Geachte lezer
Het kan verkeren, een plaatsvervangend vrederechter die het niet nodig acht om tijdens het opstellen van een beschikking rekening te houden met het bestaan van ons burgerlijk wetboek.
Om een bezinningsperiode in te lassen in de alsmaar negatiever houding van mijn partner tegenover mijzelf en onze drie kinderen heb ik begin dit jaar onze gezamenlijke woonst verlaten voor de duur van vier weken.

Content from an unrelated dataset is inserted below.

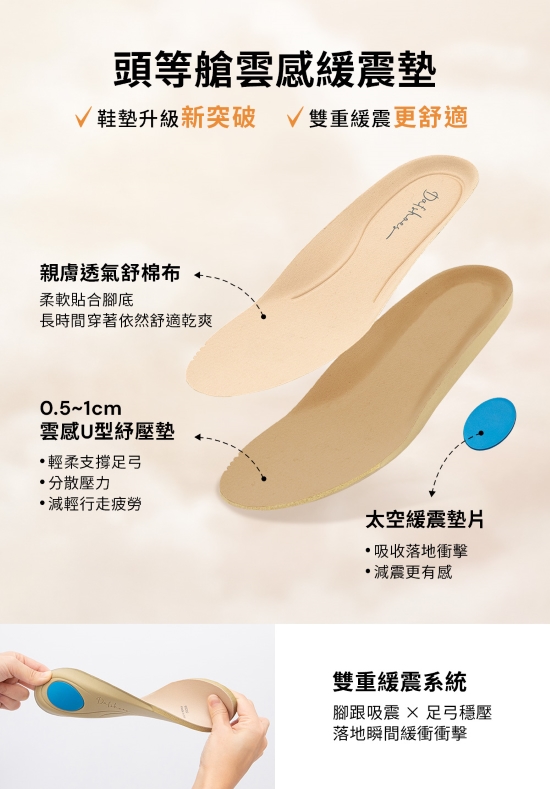 防水雨靴升級親膚透氣緩震鞋墊,柔軟舒適非常適合長時間行走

Voor mijn partner de verhoopte kans om naar de rechtbank te stappen met als enige argument dat ik haar zondermeer in de steek had gelaten met nauwelijks bestaansmiddelen om in haar levensonderhoud en dat van de kinderen te voorzien (in werkelijkheid ? 7.500,00). Ze was blijkbaar heel selectief in haar bewoordingen tijdens de zitting en vertelt er leugens die mij in een slecht daglicht stellen. Op de rechtbank mag je, zolang je niet onder ede staat, zomaar leugens verspreiden om een gunstig vonnis te verkrijgen? En dit terwijl ze zogezegd, en ik citeer ".... verhoopt in een toekomstige verzoenende hereniging van het gezin."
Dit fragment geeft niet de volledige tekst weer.